Structure of a Google Docs document

This guide describes the internal structure of a Google Docs document: the elements that make up a document and the relationship between them.

Top-level elements

The top-level elements of a document include the body and several other attributes of the document as a whole:

document: {
    body: ... ,
    documentStyle: ... ,
    lists: ... ,
    documentId: ... ,
    namedStyles: ... ,
    revisionId: ... ,
    title: ...
}

To manipulate global document features outside of the body content, it's almost always better to use one or more document templates, which you can use as a basis for generating new documents programmatically.

Body content

Most of the items you can, or would likely want to, use programmatically are elements within the body content:

Diagram of the body content.

Structural elements

The body content is just a sequence of StructuralElement objects. A content element personalizes each StructuralElement object, as shown in the following diagram:

Diagram of the structural elements.

The structural elements and their content objects contain all the document's text, inline images, and so on.
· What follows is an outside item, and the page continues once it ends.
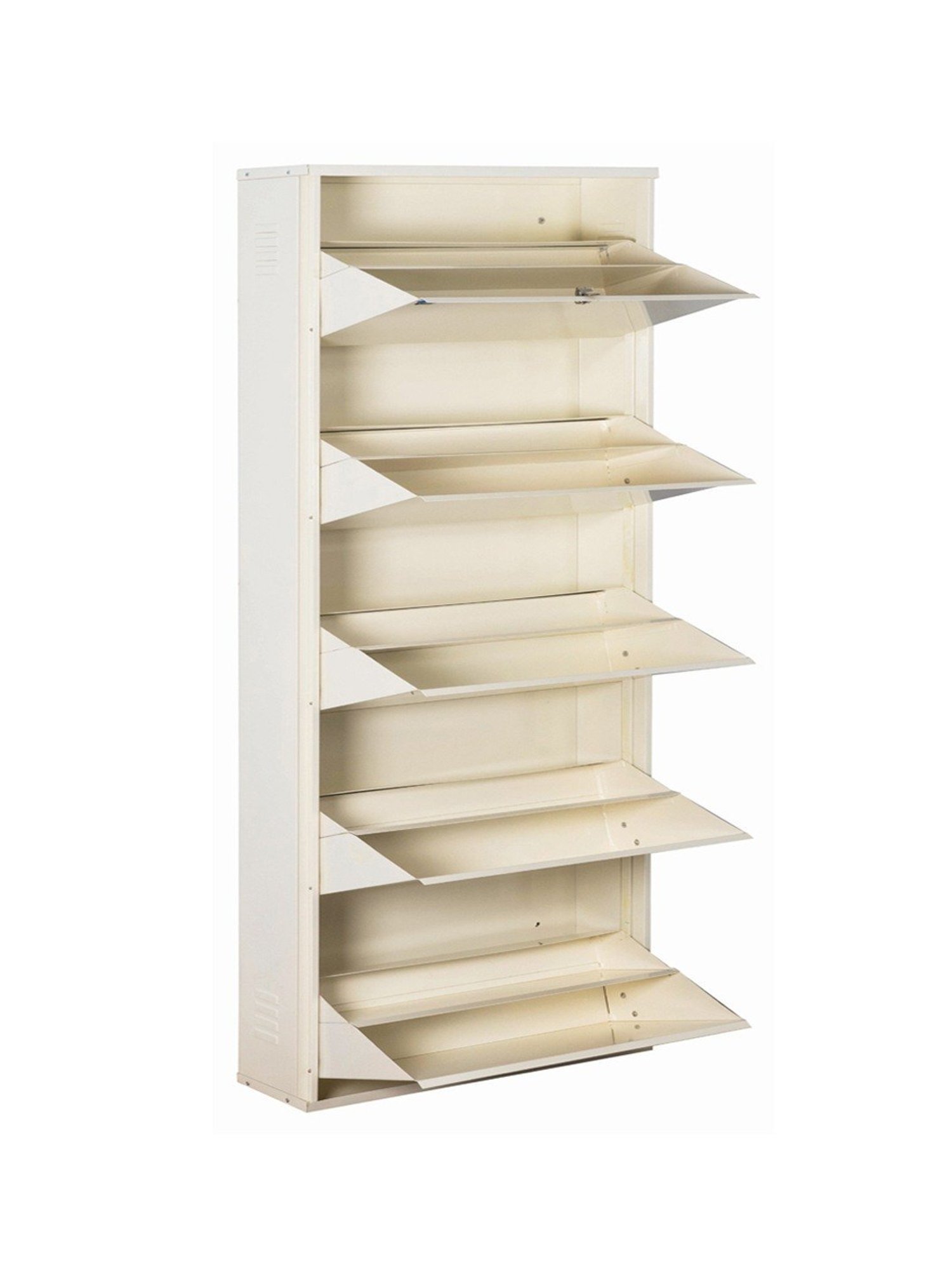 Delite Kom Metal Shoe Rack - 24" 3 Shelf, Ivory Green, PowderCoat, Wall Mount, DIY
Paragraphs contain a special type of element called a ParagraphElement that works something like a StructuralElement. A set of content element types personalizes its own ParagraphElement, as shown in the following diagram:

Diagram of the paragraph elements.

For an example of a complete document structure, see the sample dump of a document in JSON format. In the output you can see many of the key structural and content elements, as well as the use of start and end indexes as described in the following section.

Start and end index

Most elements within the body content have the startIndex and endIndex properties. These indicate the offset of an element's beginning and end, relative to the beginning of its enclosing segment.

Indexes are measured in UTF-16 code units. This means surrogate pairs consume 2 indexes. For example, the "GRINNING FACE" emoji, 😄, would be represented as "\uD83D\uDE00" and would consume 2 indexes.

For elements within a document body, indexes represent offsets from the beginning of the body content, which is the "root" element.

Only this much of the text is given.